RECORDS PROVIDED ->

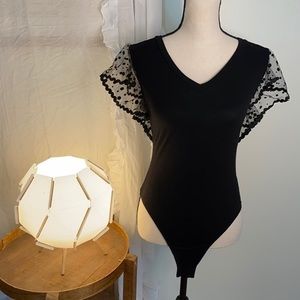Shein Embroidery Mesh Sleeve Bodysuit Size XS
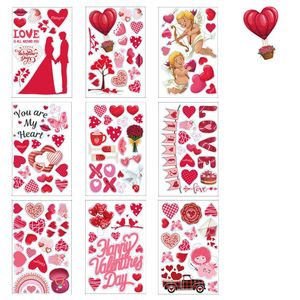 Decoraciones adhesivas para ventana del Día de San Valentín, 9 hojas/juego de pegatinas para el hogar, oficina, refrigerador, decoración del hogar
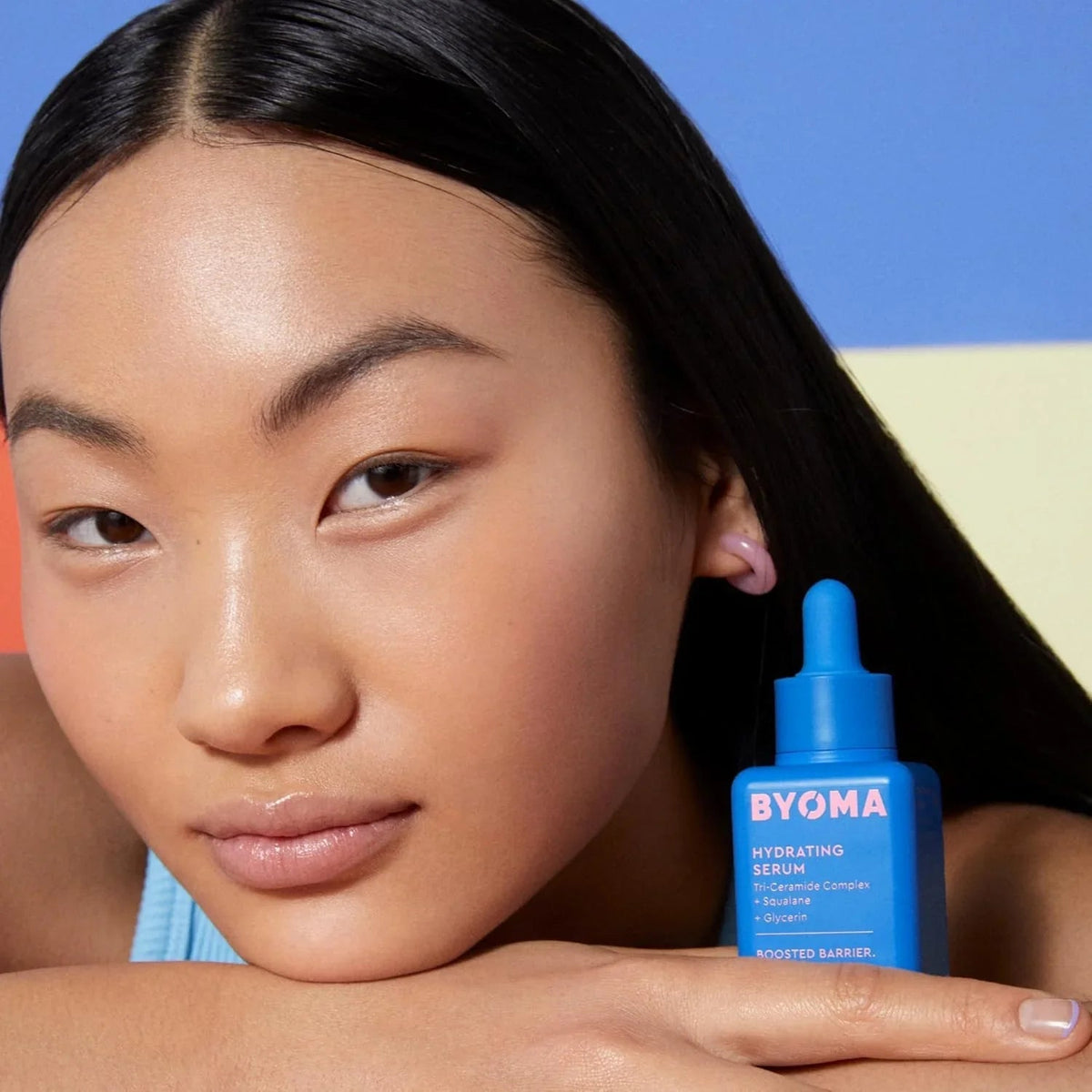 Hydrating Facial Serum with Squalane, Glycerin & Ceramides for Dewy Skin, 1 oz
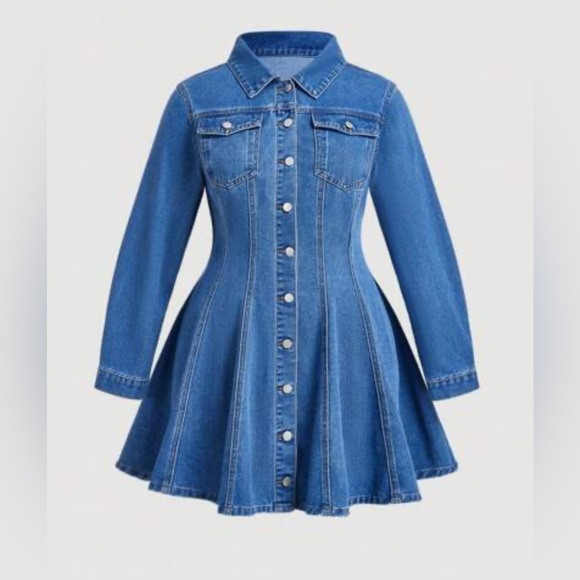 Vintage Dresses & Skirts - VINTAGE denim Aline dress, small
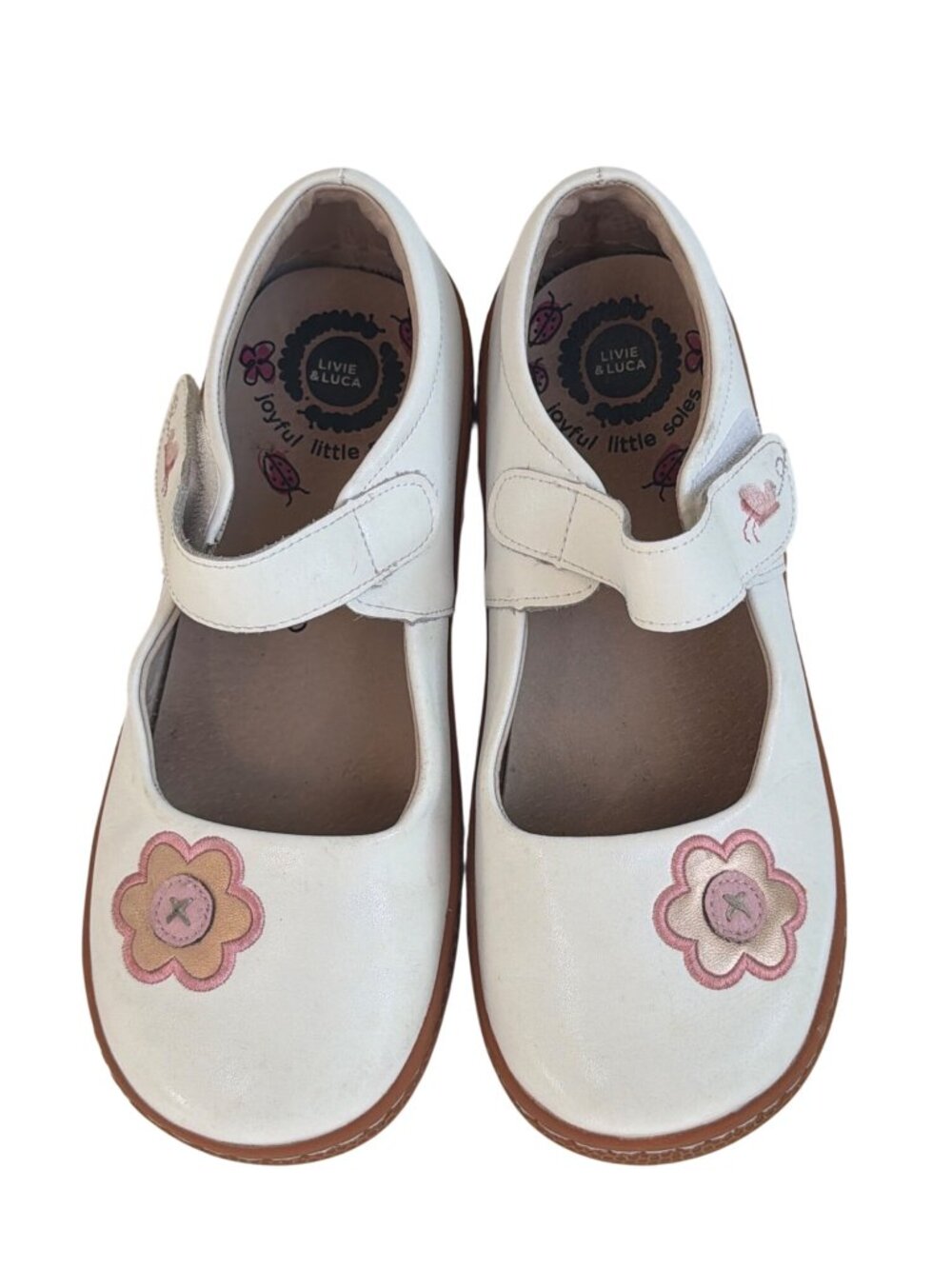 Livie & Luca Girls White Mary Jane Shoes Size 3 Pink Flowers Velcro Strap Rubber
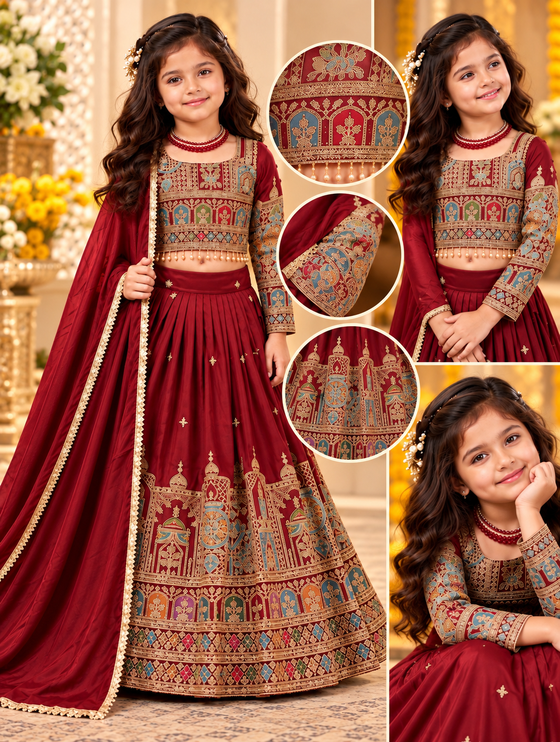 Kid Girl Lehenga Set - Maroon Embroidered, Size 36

REQUIRED ACTION ->
Since the pictures are not wanted, give the material again exactly without them.

RESPONSE AREA ->
Shein Embroidery Mesh Sleeve Bodysuit Size XS
 Decoraciones adhesivas para ventana del Día de San Valentín, 9 hojas/juego de pegatinas para el hogar, oficina, refrigerador, decoración del hogar
 Hydrating Facial Serum with Squalane, Glycerin & Ceramides for Dewy Skin, 1 oz
 Vintage Dresses & Skirts - VINTAGE denim Aline dress, small
 Livie & Luca Girls White Mary Jane Shoes Size 3 Pink Flowers Velcro Strap Rubber
 Kid Girl Lehenga Set - Maroon Embroidered, Size 36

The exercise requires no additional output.